* [ENTRIES SHOWN]:
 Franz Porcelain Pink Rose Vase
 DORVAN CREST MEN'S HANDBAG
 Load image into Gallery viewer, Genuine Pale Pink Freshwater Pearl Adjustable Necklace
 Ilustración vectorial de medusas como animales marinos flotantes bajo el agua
---
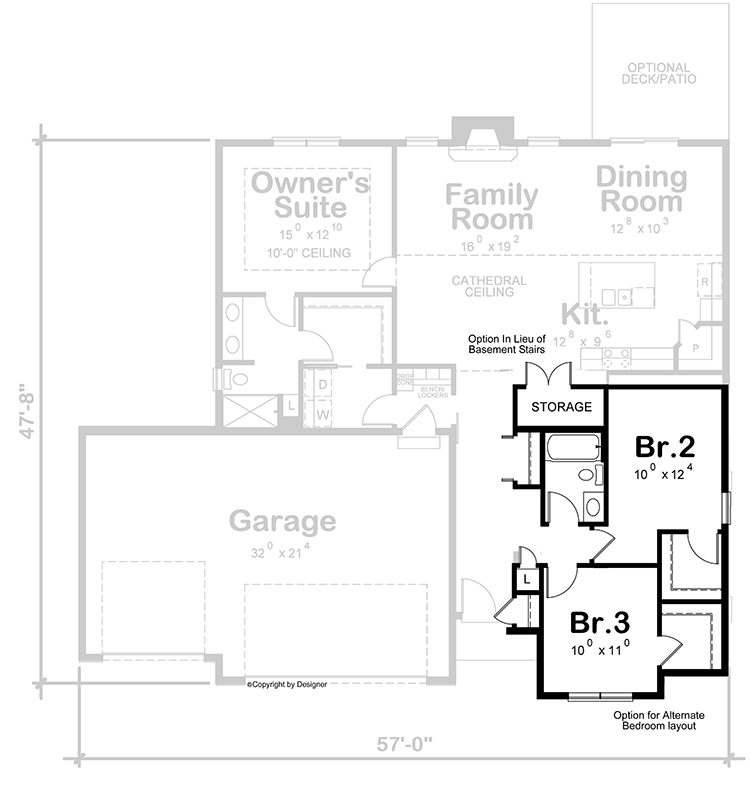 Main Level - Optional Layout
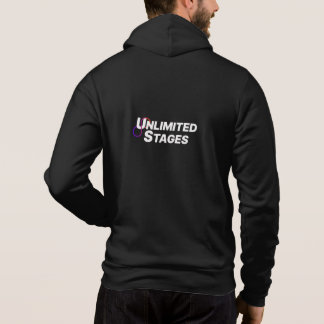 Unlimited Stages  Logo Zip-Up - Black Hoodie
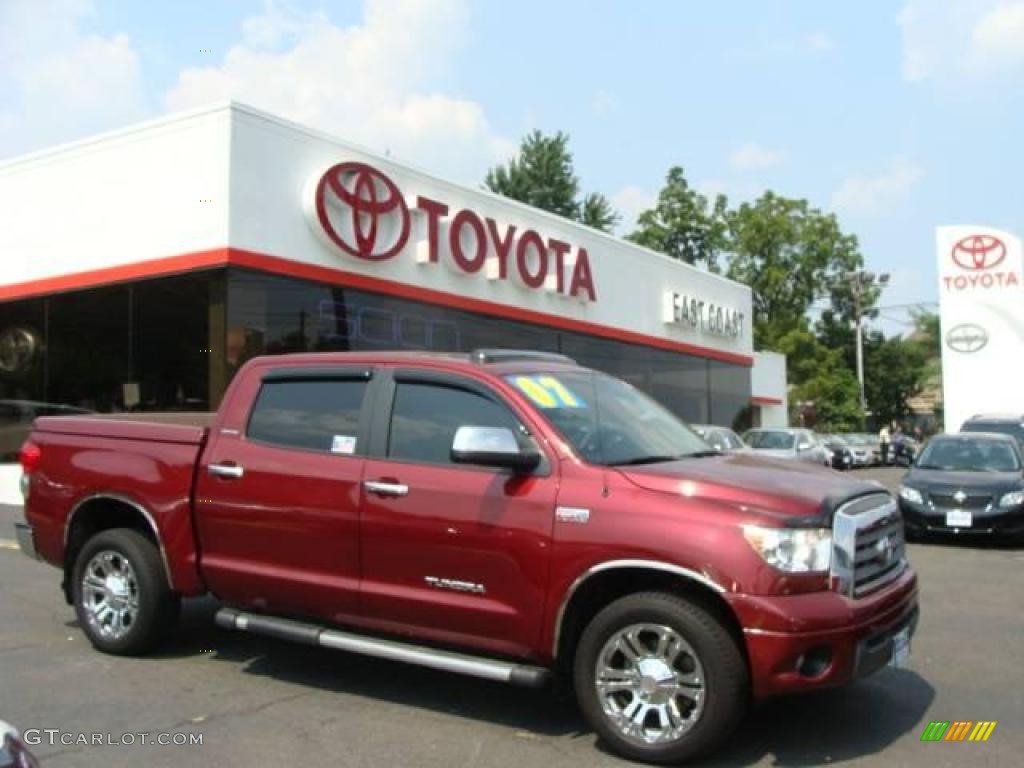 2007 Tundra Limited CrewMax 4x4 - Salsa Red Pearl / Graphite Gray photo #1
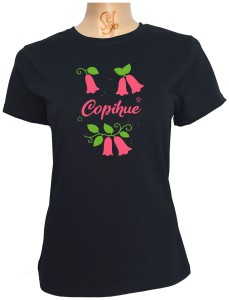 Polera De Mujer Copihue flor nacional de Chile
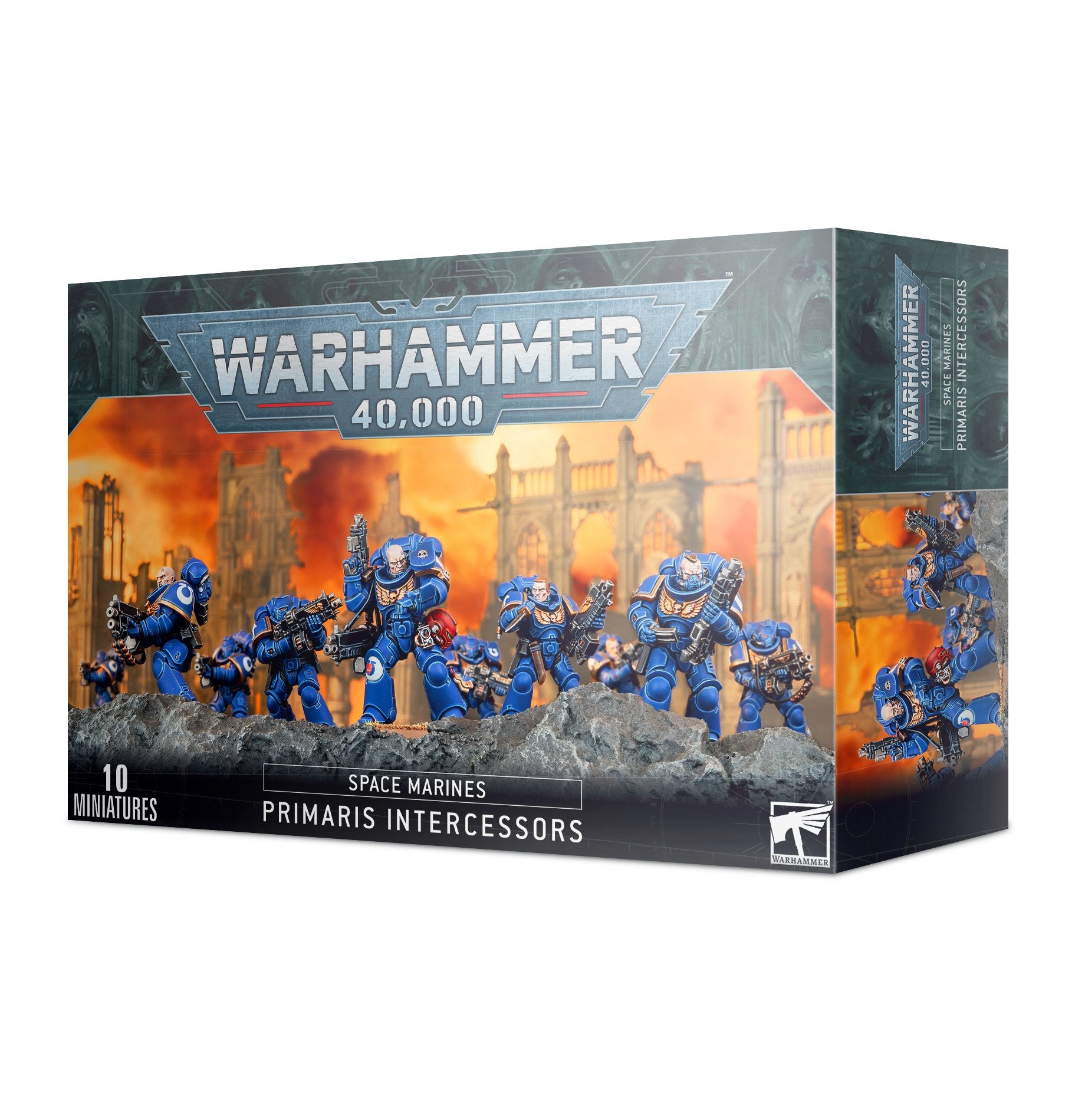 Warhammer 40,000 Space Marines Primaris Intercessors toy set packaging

* [INSTRUCTIONS FOR THE TASK]: Tally the lines in this data that hold the word "Pink" and state only the count.

* [EXERCISE RESPONSE]: 2